Abstract
Background: Delayed hemolytic transfusion reaction (DHTR) is a life-threatening complication in sickle cell disease (SCD). Some features are characteristic: destruction of both donor and recipient red blood cells (RBCs), hemolysis exacerbation by further transfusions, recurrence of SCD complications, reported cases without demonstrable RBC antibodies. We carried out a prospective study to clarify mechanisms of DHTR without demonstrable antibody and associated features. In this matter, we considered that study of phosphatidylserine exposure (PS) was important as PS-exposure signed eryptosis or suicidal erythrocyte death1, a process of membrane shedding leading to clearance of apoptotic erythrocytes by macrophages through their PS-receptors.
Patients and methods: 48 SCD patients were included. Transfusion occurred for different SCD indications. Adverse events were monitored. Analyses were performed at 5 time points (day 0 and around days 1, 5, 10 and 20 post-transfusion) including hemolysis parameters, % of HbA and HbS, and research of antibodies against RBCs by antibody-screening in plasma and eluate, cross-matching between donor RBCs and both plasma and eluate, direct antiglobulin test with anti-IgG, IgM, IgA, C3d/C3b (DAT). Amount of PS-RBCs was determined by flow cytometry as Annexin V-positive RBCs, in vivo, on patient samples and in vitro, on healthy blood donor RBCs previously incubated 48H in the J0 plasma of the patients.
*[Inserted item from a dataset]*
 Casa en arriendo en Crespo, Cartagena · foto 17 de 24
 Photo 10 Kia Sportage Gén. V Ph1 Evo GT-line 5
Results and discussion: Transfusion outcome was known for all patients, 31 patients could be completely studied at the biological level. Three patients experienced DHTR, confirmed by complete disappearance of HbA at days 13, 7 and 10 respectively and by biological parameters of hemolysis. Two cases occurred without demonstrable antibody, in the third case, RBC antibodies could not be eliminated as DAT became positive with IgG. In vivo, a significant fold increase of PS-RBCs was observed for the 3 DHTR patients around day 10 (3.74±2.0, p=0.009) and day 17 (4.85±1.4, p=0.007). This result shows that DHTR, with no consideration of the mechanism, is a risk factor for recurrence of SCD complications as PS-RBCs are involved in vaso-occlusive crisis (VOC)2. In vitro, PS-RBCs % increases significantly (p<0.01) after incubation of donor RBCs into J0 plasma of the 15 patients transfused for VOC (12.8±9.9%) compared with J0 plasma of patients transfused for other indications (4.7±4.6%). The increase is significantly higher (p<0.05) with plasma of the 2 VOC patients who experienced DHTR without demonstrable antibody (37.1±6.7%) compared with other transfused VOC patients. This result indicates that transfused RBCs can suffer from the in vivo environment of SCD patients who encountered VOC and their survival be compromised by enhancing the normal physiological clearance of apoptotic RBCs.
Conclusion: In this study, we clearly demonstrate that DHTR can occur without demonstrable antibody. Based on PS-exposure results, we propose the following scenario of DHTR features: RBCs transfused in a high oxidative stress environment (VOC) suffer from accelerated eryptosis. Hemolysis reaction of transfused RBCs promotes a cascade of events that increases release of oxidative stress mediators and more destruction of autologous RBCs that are already fragile. A further transfusion will trigger a new wave of hemolysis with amplified consequences. The only way to stop the loop is to stop transfusion. It remains to determine the mediators which accelerate eryptosis of transfused RBCs in order to propose the adapted prevention such as cytoprotective drugs.
Disclosures: No relevant conflicts of interest to declare.